Electricity And Utility Expense Pass-Throughs Are Common Hiding Places For Overcharges
Summer is here with rising electric use and escalating electric costs. As many corporate tenants struggle to maintain profit margins, significant expense reduction opportunities may lie in a closer examination of utility costs.
Many commercial leases call for tenants to purchase some share of their utilities from the landlord. These building operating expenses are passed through to the tenants using a myriad of billing methodologies and the tenant is separately charged for utilities (electricity, chilled and condenser water, steam, gas, etc.). Inaccurate electric reimbursement calculations can skyrocket already existing costs in the summer months, and with utility prices continually on the rise even a small miscalculation can result in significant losses in operating capital.
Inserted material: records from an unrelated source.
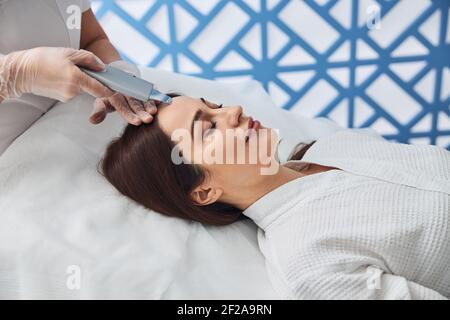 Donna attraente che riceve il trattamento facciale in clinica di cosmetologia Foto Stock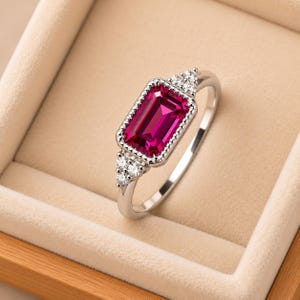 May include: A silver-toned ring featuring a rectangular, emerald-cut vibrant pink gemstone as the centerpiece. The stone is framed by a beaded metal border and accented with three small, clear round stones on each side of the band.
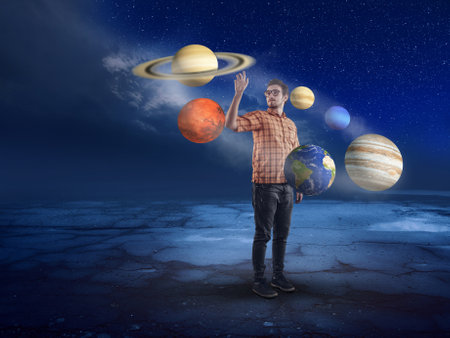 Young man in middle of solar system pointing to a planet into the night.の写真素材
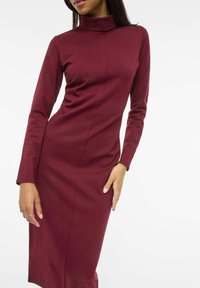 Ilga burgundiško vyno spalvos suknelė ilgomis rankovėmis, su aukštu kaklu, siaura linija, tekstūruotos medžiagos ir vertikalios siūlių detalės. Lygus apdaila, iki kelių ilgio.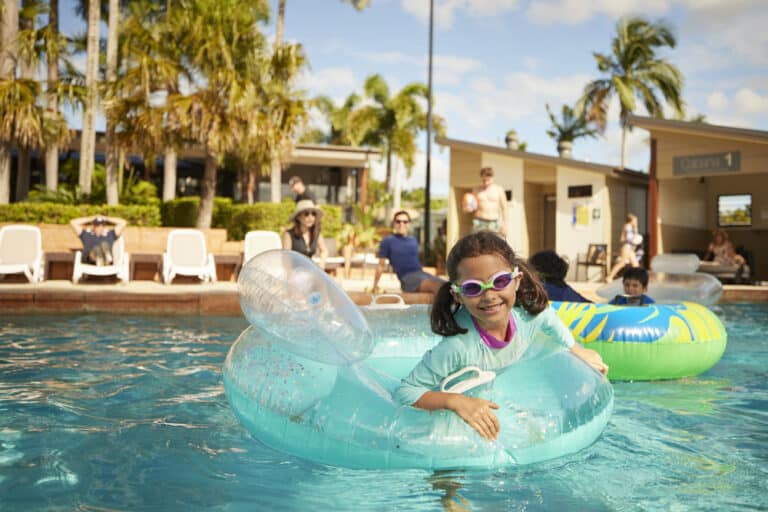 Brisbane Holiday Village's Lagoon of the Sun Swimming Pool and poolside cabanas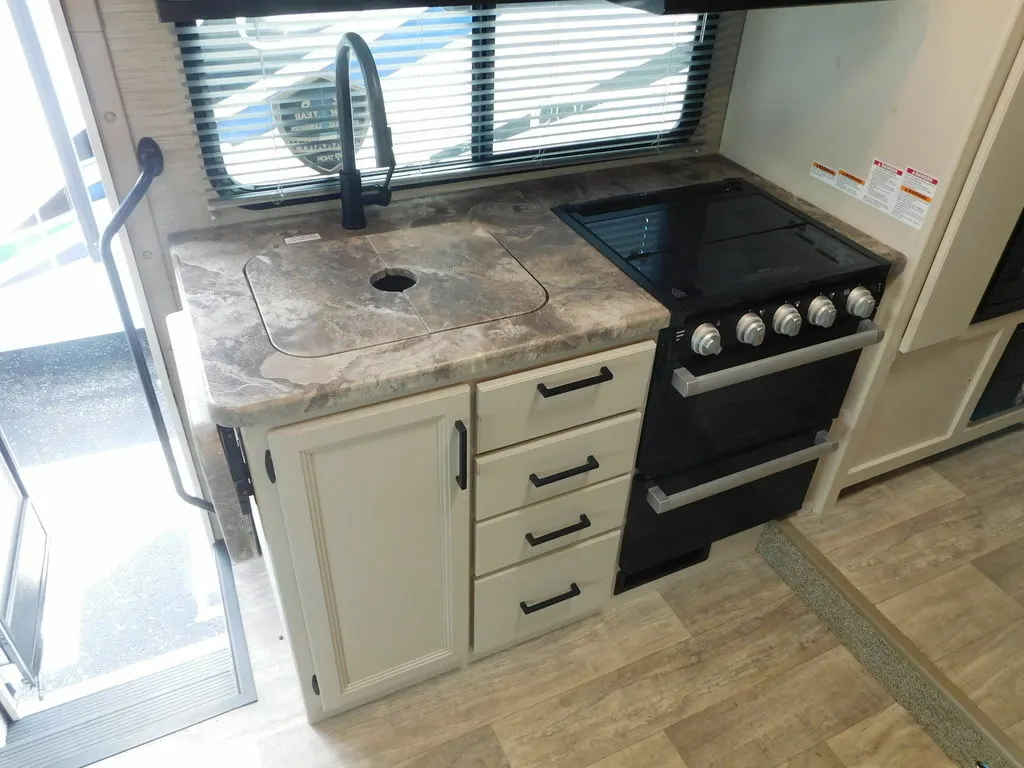 Kitchen with a gas burner, sink, drawers and cabinets.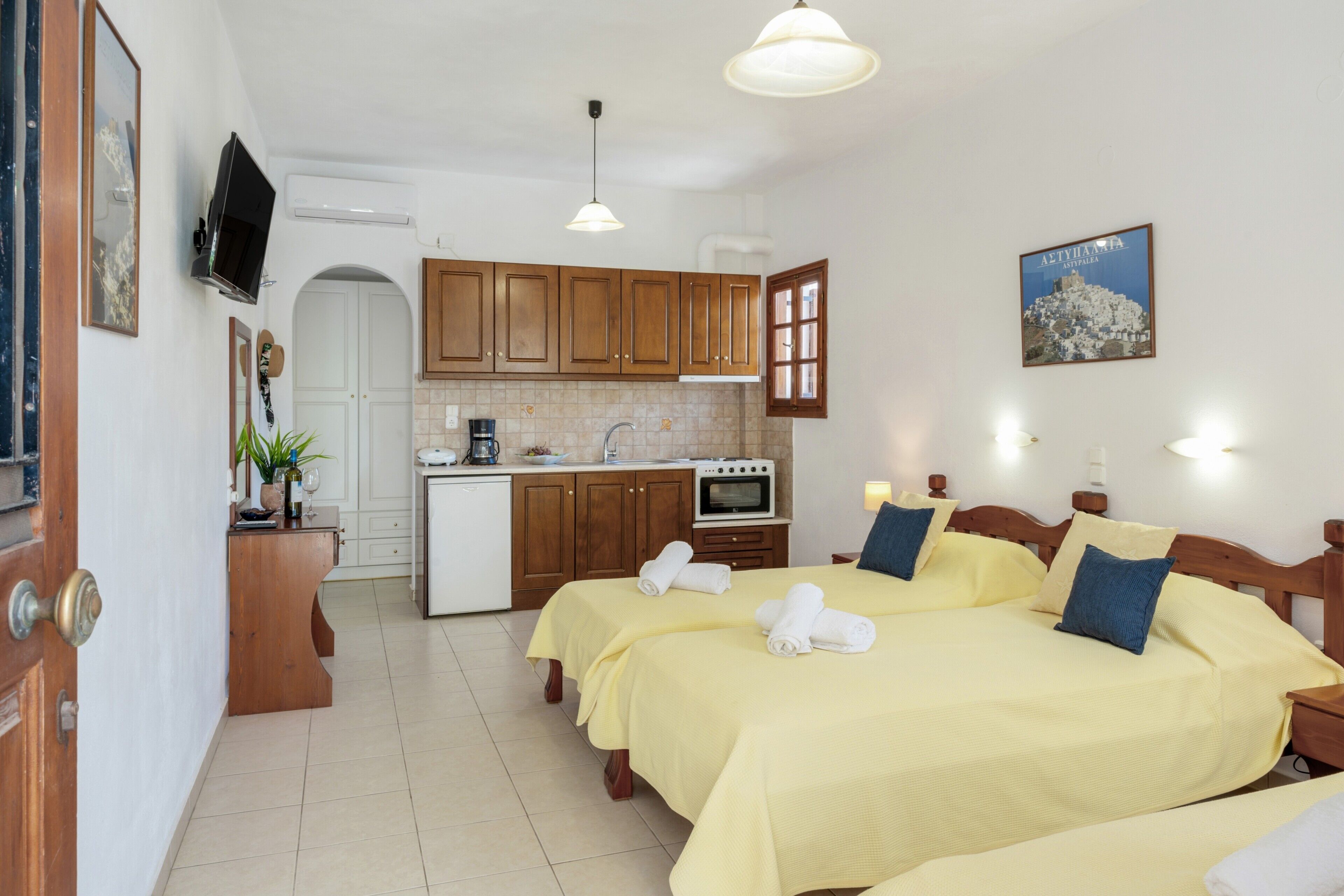 A hotel room with two beds, a kitchenette, a TV, and a painting on the wall.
Electricity And Utility Expense Pass-Throughs Are Common Hiding Places For Overcharges. How can a commercial tenant protect itself from these impermissible or inflated expenses? Through keeping a careful eye on what and how a landlord passes through expenses to the tenant and building operating costs.
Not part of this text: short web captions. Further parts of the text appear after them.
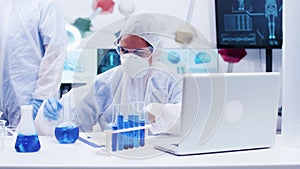 Female scientist looking at reactive blue solution and writing formula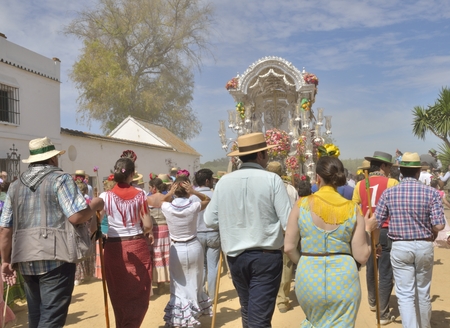 Pilgrims behind the badge of the brotherhood of Triana on his pilgrimage to the village of El Rocio,...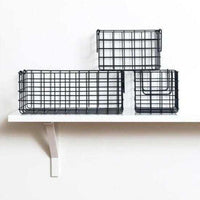 Set of three slate-colored wire baskets, one large rectangular and two smaller square, displayed on a white wall shelf for versatile storage.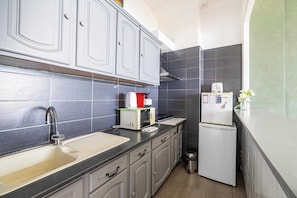 A compact kitchen with grey cabinets, a stainless steel sink, a toaster, a kettle, and a small refrigerator. - Charming Apartment a/c 2P by the Seafront - Nice (Nice)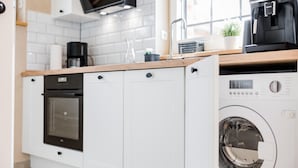Una cocina compacta con horno integrado, cafetera y lavadora.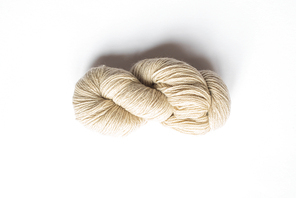 top view of beige yarn on white background with copy space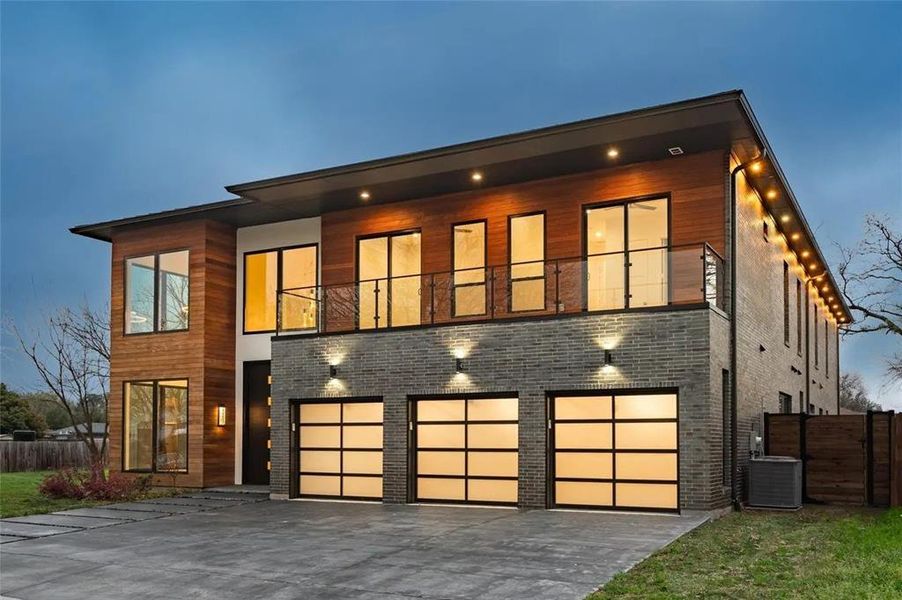 Modern exterior featuring wood paneling, dark brick accents, a three-car garage with frosted glass doors, a second-story balcony with glass railing, and a concrete drive Modern exterior featuring wood paneling, dark brick accents, a three-car garage with frosted glass doors, a second-story balcony with glass railing, and a concrete drive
Areas Where Systemic Issues Can Exist Include:
- Sub-Metered Electric: Calculation Errors, Incorrect Rate Application, Improper Metering of Space, Faulty Meters, Exaggerated Profits, and Wholesale/Retail Distortions
- Rent Inclusion (ERIF): Incorrect Rate Applications, Incorrect Base Dates, Improper Pass Throughs of Rate Increase/Decrease, Incorrect Surveys (Overestimated Consumption, Calculation Errors, Improper Equipment Inclusion)
- Common Area Electric: Improper Allocation between Building and Tenant Electric, Double Billings, Failure to Deduct Reimbursed Costs, Incorrect Tax Applications
- Direct Meter: Misapplied Rates, Billing for Incorrect Meters
HVAC Overcharge Case Study: An international law firm wished to audit its’ North American leasehold expenses. While conducting a compliance review of the firm’s 220,000 square foot, New York City headquarters lease, the audit revealed that the landlord was overcharging the firm in numerous expense categories. One particular expense area was in the substantial overtime HVAC usage the firm’s international practice required. The tenant’s lease stipulated that overtime HVAC be charged to the firm at the landlord’s actual cost plus ten percent (10%). The landlord, however, was inflating that actual cost by what CTS later discovered to be some four hundred percent (400%). Compounding the overcharge, the landlord was then failing to back out this tenant specific expense from the building operating expenses, so the firm was paying for the same expense twice.
Financial Impact: The overtime HVAC/electric overcharges to the firm across the previous five years totaled some $840,000, with additional and continued cost avoidance benefits.
Overcharges can hide in virtually any expense category, and some of the most overlooked overcharges reside in electricity and utility expenses. When choosing cost containment solutions partner, it is critical to ensure that the prospective partner firm bring all necessary skill sets to the table – including electric and utility audit expertise.